Nowhere did I see references to using Y' code values. I presume Y' is a form of weighted average of the RGB values, whereas the reference implementation uses max(R,G,B) [aka the highest value channel] for the mean. So it would likely lead to different results again.

I think specifying metadata is better than just passing 0 because then the display has to dynamically adjust to the frames it sees, which has a good chance to lead to flickering/suddenly changing brightness I think, though I could be wrong.

suarsg

4th January 2020, 11:05

In a YUV420 10bit encoded video (HDR10), doesn't the Y-component of the pixel already define the brightness of the pixel?

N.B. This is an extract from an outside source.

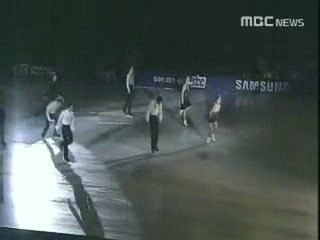 2009 Festa on Ice  The Phantom of the Opera Yu-na & Stephane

For example, there's a flashlight in a dark scene located at coordinates (x=1000,y=800) in a frame. Decoding this frame of that scene and getting the Y component of the pixel at those coordinates, gives you e.g. the value 643. Using 643 on the PQ EOTF equals 432.5cd/m2.

Am I missing something?

TomArrow

4th January 2020, 13:28

Well the YUV data gets converted to RGB anyway for displaying. I think using YUV these days is mainly about saving bandwidth via color subsampling, but I could be wrong. I also think it's more of a pseudo-brightness that is roughly proportional to perceived brightness and not really a physical measure of brightness or anything.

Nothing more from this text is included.